Probability of winning sweepstakes when some information is not given I wanted to give my students an interesting probability problem, and found myself perplexed by it.
Below is the probability problem I came up with. 
To win some prize a participant in a sweepstakes has to guess a four digit number. The designers of the sweepstakes created it in such a way that for every digit, any number from 0 to 9 is possible.
The creators of the sweepstakes did not inform well the participants about how the digits were selected. What is the probability that the first participant wins the prize if she thinks that no number can be repeated in the sequence?
Intuition: The probability of the first participant winning when understanding the rules is 1/10000 (1 out of 10^4 possibilities). By thinking that no number can be repeated, the participant may not consider numbers that may very well be the winning one. Thus, there probability of winning then should be lower than 1/10000. 
Let W = win (chose winning number), C = winning number has no repeated digits. Then 
P(W) = P(W|C)P(C) + P(W|~C)P(~C)
Naturally, if the winning number had repeated digits, then the participant can't win due to the misunderstanding. Thus P(W|~C)=0 and
P(W) = P(W|C)P(C)
Now P(W|C) = 1/5040 (1 out of 10*9*8*7 possibilities) and P(C) = 5040/10000 (from 10*9*8*7/10000). Therefore P(W) = 1/5040 (5040/10000)=1/10000, same as if the participant did not misunderstand the rules.
Where did I go wrong?
 A: It makes no difference how you come up with your guess, the probability of guessing correctly will always be $\frac 1{10^4}$.
To write this out in your case:  Let $p(n)$ be the probability that $n$ is the correct answer (so $p(n)=\frac 1{10^4}$ as we are assuming that the true distribution is uniform).  Let $\psi(n)$ be the probability that you guess $n$.
Now, under the false rule you have introduced, you are choosing uniformly at random from the $5040$ possible four digit numbers with distinct digits.  Thus:  $$  \psi(n) =
\begin{cases}
\frac {1}{5040},  & \text{if $n$ has distinct digits} \\
0, & \text{if $n$ does not have distinct digits}
\end{cases}$$
The probability of guessing correctly is given by $$P=\sum_{n=0}^{9999} p(n)\psi(n)=\frac 1{10^4}\times \sum_{n=0}^{9999} \psi(n)$$
But that last sum is $\frac 1{5040}$ times the number of $n$ with distinct digits, hence the sum is $1$, making $P=\frac 1{10^4}$ as claimed.

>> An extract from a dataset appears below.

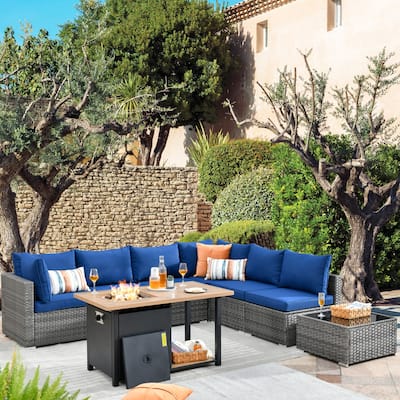 HOOOWOOO 8-piece Wicker Outdoor Patio Furniture Sofa Set Fire Pit Set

The problem with your calculation comes when you write $P(C)=\frac {5040}{10000}$.  What does that mean?  $P(C)$ is, I believe,  the probability that, following the false rule, I choose a number consistent with the false rule...so $P(C)=1$.  If, instead, you meant that $P(C)$ was the probability that a uniformly random number in the range happened to satisfy the false rule, then $P(C)$ is what you say but in that case of course $P(\sim C)$ would not be $0$.  Indeed we'd have $P(\sim C)=\frac {4960}{10000}$ in which case your calculation would give the correct answer of $\frac 1{10^4}$.  Note that whatever you might have meant by $P(C)$ we should certainly have $P(C)+P(\sim C)=1$.